Task requirements: Could you retype every line of the data underneath without altering anything?

Provided information:
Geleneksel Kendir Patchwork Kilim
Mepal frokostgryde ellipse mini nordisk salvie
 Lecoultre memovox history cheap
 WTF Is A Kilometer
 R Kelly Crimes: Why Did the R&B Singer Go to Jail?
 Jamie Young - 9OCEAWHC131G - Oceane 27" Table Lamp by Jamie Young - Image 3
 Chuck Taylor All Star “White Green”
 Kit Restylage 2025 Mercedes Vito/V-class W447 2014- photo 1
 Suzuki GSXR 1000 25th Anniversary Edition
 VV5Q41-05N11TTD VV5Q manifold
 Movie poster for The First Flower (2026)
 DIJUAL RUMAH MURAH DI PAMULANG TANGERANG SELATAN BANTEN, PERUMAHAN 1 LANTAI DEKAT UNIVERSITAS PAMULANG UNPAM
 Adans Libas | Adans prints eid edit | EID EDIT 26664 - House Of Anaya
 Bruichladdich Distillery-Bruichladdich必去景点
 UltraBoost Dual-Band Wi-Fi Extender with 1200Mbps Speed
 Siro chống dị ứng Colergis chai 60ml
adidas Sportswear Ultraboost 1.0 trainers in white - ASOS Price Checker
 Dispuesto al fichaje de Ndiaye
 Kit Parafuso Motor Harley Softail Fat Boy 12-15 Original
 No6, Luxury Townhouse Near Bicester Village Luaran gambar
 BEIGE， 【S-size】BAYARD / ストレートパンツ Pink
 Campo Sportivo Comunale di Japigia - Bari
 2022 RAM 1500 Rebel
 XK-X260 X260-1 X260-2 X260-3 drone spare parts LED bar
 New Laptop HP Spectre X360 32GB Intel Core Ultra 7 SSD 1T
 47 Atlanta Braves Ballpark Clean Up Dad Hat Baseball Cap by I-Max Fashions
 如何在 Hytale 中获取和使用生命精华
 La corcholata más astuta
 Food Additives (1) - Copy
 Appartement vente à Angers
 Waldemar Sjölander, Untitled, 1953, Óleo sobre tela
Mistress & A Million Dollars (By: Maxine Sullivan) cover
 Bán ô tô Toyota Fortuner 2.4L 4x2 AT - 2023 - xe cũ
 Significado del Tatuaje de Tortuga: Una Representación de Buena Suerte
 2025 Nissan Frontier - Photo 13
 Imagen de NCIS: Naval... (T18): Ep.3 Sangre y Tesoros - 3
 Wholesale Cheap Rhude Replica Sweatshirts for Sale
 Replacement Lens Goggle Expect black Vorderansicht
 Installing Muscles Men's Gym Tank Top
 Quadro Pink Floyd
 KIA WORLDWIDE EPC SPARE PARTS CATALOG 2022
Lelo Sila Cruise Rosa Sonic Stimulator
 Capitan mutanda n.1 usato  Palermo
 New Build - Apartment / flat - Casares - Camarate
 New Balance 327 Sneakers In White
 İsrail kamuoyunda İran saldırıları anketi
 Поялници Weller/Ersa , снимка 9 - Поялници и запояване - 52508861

The completed task:
Geleneksel Kendir Patchwork Kilim
Mepal frokostgryde ellipse mini nordisk salvie
 Lecoultre memovox history cheap
 WTF Is A Kilometer
 R Kelly Crimes: Why Did the R&B Singer Go to Jail?
 Jamie Young - 9OCEAWHC131G - Oceane 27" Table Lamp by Jamie Young - Image 3
 Chuck Taylor All Star “White Green”
 Kit Restylage 2025 Mercedes Vito/V-class W447 2014- photo 1
 Suzuki GSXR 1000 25th Anniversary Edition
 VV5Q41-05N11TTD VV5Q manifold
 Movie poster for The First Flower (2026)
 DIJUAL RUMAH MURAH DI PAMULANG TANGERANG SELATAN BANTEN, PERUMAHAN 1 LANTAI DEKAT UNIVERSITAS PAMULANG UNPAM
 Adans Libas | Adans prints eid edit | EID EDIT 26664 - House Of Anaya
 Bruichladdich Distillery-Bruichladdich必去景点
 UltraBoost Dual-Band Wi-Fi Extender with 1200Mbps Speed
 Siro chống dị ứng Colergis chai 60ml
adidas Sportswear Ultraboost 1.0 trainers in white - ASOS Price Checker
 Dispuesto al fichaje de Ndiaye
 Kit Parafuso Motor Harley Softail Fat Boy 12-15 Original
 No6, Luxury Townhouse Near Bicester Village Luaran gambar
 BEIGE， 【S-size】BAYARD / ストレートパンツ Pink
 Campo Sportivo Comunale di Japigia - Bari
 2022 RAM 1500 Rebel
 XK-X260 X260-1 X260-2 X260-3 drone spare parts LED bar
 New Laptop HP Spectre X360 32GB Intel Core Ultra 7 SSD 1T
 47 Atlanta Braves Ballpark Clean Up Dad Hat Baseball Cap by I-Max Fashions
 如何在 Hytale 中获取和使用生命精华
 La corcholata más astuta
 Food Additives (1) - Copy
 Appartement vente à Angers
 Waldemar Sjölander, Untitled, 1953, Óleo sobre tela
Mistress & A Million Dollars (By: Maxine Sullivan) cover
 Bán ô tô Toyota Fortuner 2.4L 4x2 AT - 2023 - xe cũ
 Significado del Tatuaje de Tortuga: Una Representación de Buena Suerte
 2025 Nissan Frontier - Photo 13
 Imagen de NCIS: Naval... (T18): Ep.3 Sangre y Tesoros - 3
 Wholesale Cheap Rhude Replica Sweatshirts for Sale
 Replacement Lens Goggle Expect black Vorderansicht
 Installing Muscles Men's Gym Tank Top
 Quadro Pink Floyd
 KIA WORLDWIDE EPC SPARE PARTS CATALOG 2022
Lelo Sila Cruise Rosa Sonic Stimulator
 Capitan mutanda n.1 usato  Palermo
 New Build - Apartment / flat - Casares - Camarate
 New Balance 327 Sneakers In White
 İsrail kamuoyunda İran saldırıları anketi
 Поялници Weller/Ersa , снимка 9 - Поялници и запояване - 52508861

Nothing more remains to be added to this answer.